I doubt not God is good, well-meaning, kind, And did He stoop to quibble could tell why
Why start small, right? The speaker begins by saying that he believes God is good, so we guess we'll be reading a poem about God, or the existence of good in the world, or something related to that. Seems like a big topic, but right off the bat the speaker's saying, "Yeah, I'm going there… and I'm going big."
The speaker likes to arrange his words in a unique way as well. He could have just said, "I know God is good." So, what's with all the "doubt not" stuff, buddy? One reason may be because the lines are in iambic pentameter (see "Form and Meter"), so Cullen may have adjusted the syntax to keep the meter regular.
Something else we've noticed: our speaker likes to use words that use the same sounds. Check out how the D in "doubt" is echoed in the D of "God," "good," and "kind." He's linking sound with meaning here.
How's that? The speaker says God is good and kind, and those words all sound alike, or, they share that D sound, right? (Check out our "Sound Check" section for more of the good stuff.) That, ladies and gentlemen, is called consonance. Don't forget to listen for more examples of this throughout the poem.
The second line has "He," as in, God. That's who the speaker is saying could "tell why." At this point, though, we don't know what God could tell, just that he could "quibble" if he wanted to.
The speaker has used the words "doubt" and "quibble." We guess he's interested in talking about arguing, or possibly even making an argument himself.
The little buried mole continues blind, Why flesh that mirror Him must some day die,
The speaker uses these two lines to list a few example of things God could explain if He wanted to, but won't. Cheeky! From the speaker's point of view, God knows the answers to these paradoxes but He's not spilling the beans.
First paradox: it may seem like the mole has gotten a bad lot in life. It's blind, burrowing underground, alone all the time. On the other hand, moles don't really need to see anything because they're in the pitch dark all the time, so blind or not, it doesn't matter, right?
Second paradox: "flesh that mirror Him" is a strange way of saying human beings made in the likeness of God. This is also an example of metonymy (using "flesh" in place of "human"). And if God made us in His likeness, why do we have to die? On the other hand, according to the Christian tradition that this speaker is referencing, we die physically but are given new life spiritually.
It's starting to feel a little unclear if these are examples of God's goodness or examples from life that contradict God's goodness. And that confusion may be part of what the speaker is saying God could explain. It's sort of like the speaker is saying, "Hey, I don't know! I'm new here! But God, if He wanted to, could put us all in the know."

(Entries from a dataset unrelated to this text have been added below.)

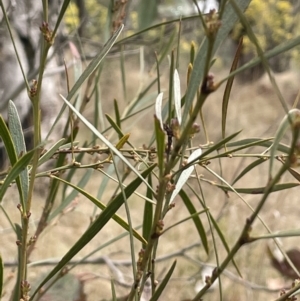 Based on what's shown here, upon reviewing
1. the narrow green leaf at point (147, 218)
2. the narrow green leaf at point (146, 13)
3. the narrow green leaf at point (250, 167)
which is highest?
the narrow green leaf at point (146, 13)

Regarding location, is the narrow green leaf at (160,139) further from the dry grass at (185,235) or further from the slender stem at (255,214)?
the dry grass at (185,235)

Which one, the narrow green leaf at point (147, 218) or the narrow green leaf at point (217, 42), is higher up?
the narrow green leaf at point (217, 42)

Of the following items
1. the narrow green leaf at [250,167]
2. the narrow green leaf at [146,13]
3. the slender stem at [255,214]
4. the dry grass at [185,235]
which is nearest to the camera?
the slender stem at [255,214]

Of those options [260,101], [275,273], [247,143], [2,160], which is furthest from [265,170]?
[247,143]

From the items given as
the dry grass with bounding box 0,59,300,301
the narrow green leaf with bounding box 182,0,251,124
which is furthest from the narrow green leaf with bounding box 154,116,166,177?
the dry grass with bounding box 0,59,300,301

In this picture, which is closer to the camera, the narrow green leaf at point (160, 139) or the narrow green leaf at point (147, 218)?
the narrow green leaf at point (160, 139)

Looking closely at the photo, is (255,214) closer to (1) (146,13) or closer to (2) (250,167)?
(2) (250,167)

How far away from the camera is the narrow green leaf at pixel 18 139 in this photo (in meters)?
0.26

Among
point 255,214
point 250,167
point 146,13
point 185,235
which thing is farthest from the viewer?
point 185,235

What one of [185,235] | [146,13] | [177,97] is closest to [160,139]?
[177,97]

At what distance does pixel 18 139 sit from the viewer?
28cm

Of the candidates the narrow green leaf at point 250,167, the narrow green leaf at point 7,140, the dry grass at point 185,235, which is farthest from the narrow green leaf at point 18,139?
the dry grass at point 185,235

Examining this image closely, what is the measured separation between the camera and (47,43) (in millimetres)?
237

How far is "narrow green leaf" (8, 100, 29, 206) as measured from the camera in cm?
26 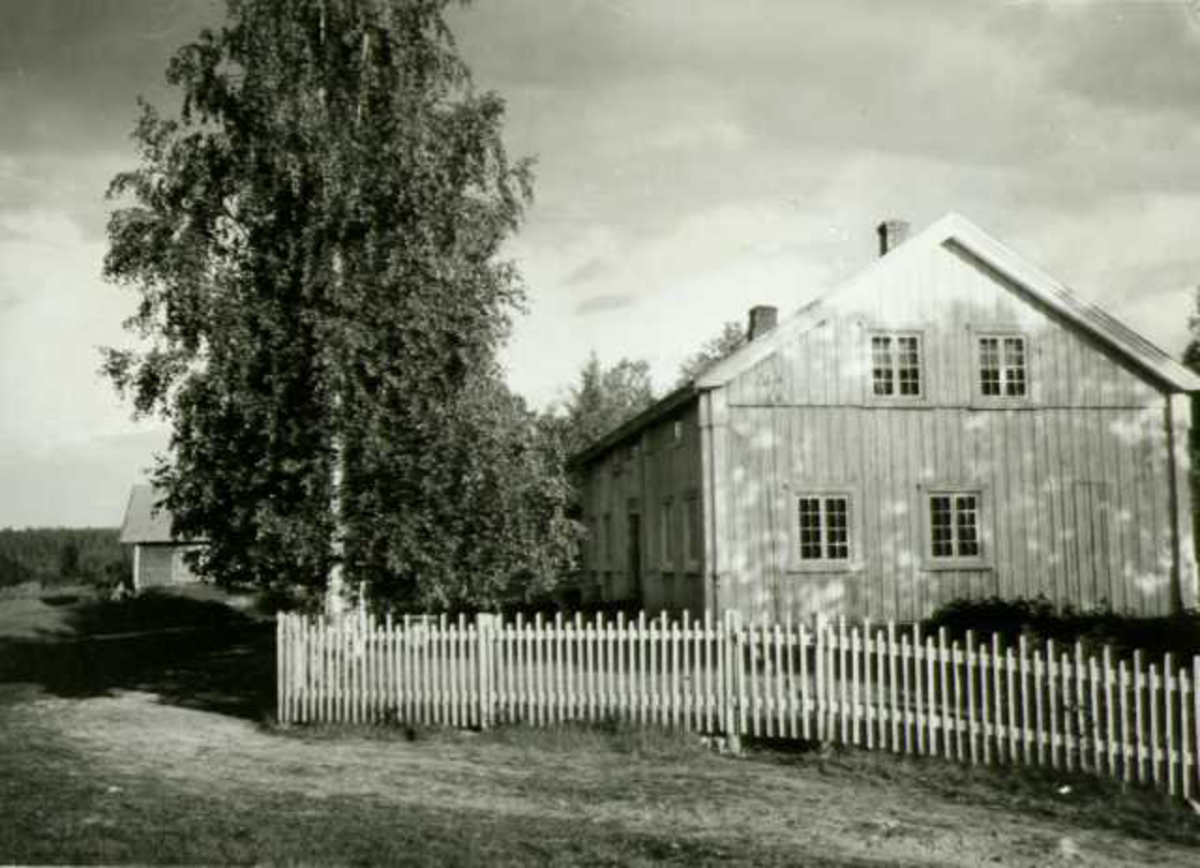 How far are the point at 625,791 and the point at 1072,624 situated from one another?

In other words, the speaker says God is good but then gives us examples of how God could seem cruel, and he wants to know, what's up with that?
We also noticed a new formal device. A formal rhyme scheme has been introduced to go along with the regular meter (check out "Form and Meter" for more about the effects of rhyme in this poem). Lines 1 and 3 rhyme (kind/blind) and lines 2 and 4 rhyme (why/die), so the rhyme scheme goes something like ABAB, and this pattern will continue in the next quatrain. Our speaker is pulling out all the old school poetry moves.